Note that REQUIRED is NOT the top level as you may think it would be since EDIT (both populate & de-populate permission) is a greater privilege than REQUIRED (populate-only permission).
The enum would look like this:
/** NO permissions.
* Presentation: "hidden"
* Database: "no access"
*/
NONE(0),
/** VIEW permissions.
* Presentation: "read-only"
* Database: "read access"
*/
VIEW(1),
/** VIEW and POPULATE permissions.
* Presentation: "required/highlighted"
* Database: "non-null"
*/
REQUIRED(2),
/** VIEW, POPULATE, and DEPOPULATE permissions.
* Presentation: "editable"
* Database: "nullable"
*/
EDIT(3);
From the bottom layer (database constraints), create a map of fields-to-access. This map then gets updated (further restrained) at the next layer up (business rules + user permissions). Finally, the top layer (presentation rules) can then further restrain the map again if desired.
Important: The map must be wrapped so that it only allows access to be decreased with any subsequent update. Updates which attempt to increase access should just be ignored without triggering any error. This is because it should act like a voting system on what the access should look like. In essence, the subsequent layering of access levels as mentioned above can happen in any order since it will result in an access-level low-water-mark for each field once all layers have voted.
Ramifications:
1) The presentation layer CAN hide a field (set access to NONE) for a database-specified read-only (VIEW) field.
2) The presentation layer CANNOT display a field when the business rules say that the user does not have at least VIEW access.
3) The presentation layer CANNOT move a field's access up to "editable" (nullable) if the database says it's only "required" (non-nullable).
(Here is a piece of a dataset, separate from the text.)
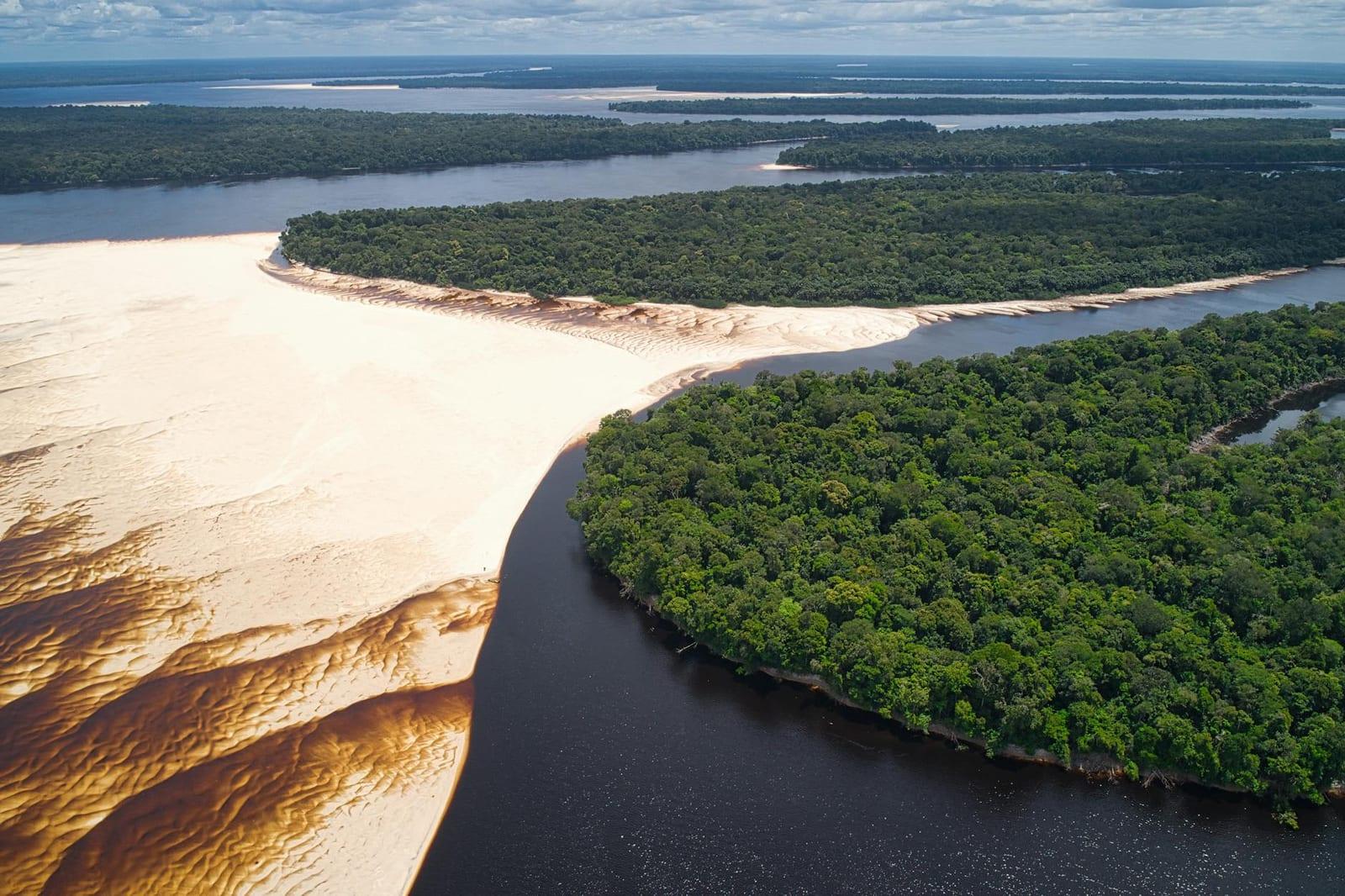 Amazon Rainforest, Brazil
Note: The presentation layer should be made (custom display tags) to render the fields by reading the access map without the need for any "if" statements.
The same access map that is used for setting up the display can also be using during the submit validations. A generic validator can be written to read any form and its access map to ensure that all the rules have been followed.
I have often found that this is really the only real easy and understandable way to do it, as your interface needs to modify based on the information and level of editing that they can complete.
I do find typically though that depending on the needs, you can interject the "cannot edit" information by passing role information to the business level if you have plans to move to different presentation levels. but this adds complexity, and if you are only building for one interface it would most likely be overkill
For the website menus we can have different menus based on users role by using the Sitemaps. For controls like Buttons we will have to hide them using their Visible property. I think a good idea will be to create a server control (Button) and expose the Role property. This will hide the Button if the user is not in the correct role.
My first instinct for doing this in a more OO way would be to handle your roles and their implementations for this purpose (control permissions read/write/etc) is to use the abstract factory pattern for your roles. I will be happy to explain the ins and outs of what I am talking about if you'd like but there are probably 900 examples on the web. Here is one link (disclaimer: it's my blog but it does happen to talk to using abstract factory for roles specifically)
Using something like this you could then use a number of methods to display the correct controls for each of your business object properties with the correct attributes (read/write/hidden/displayed/etc).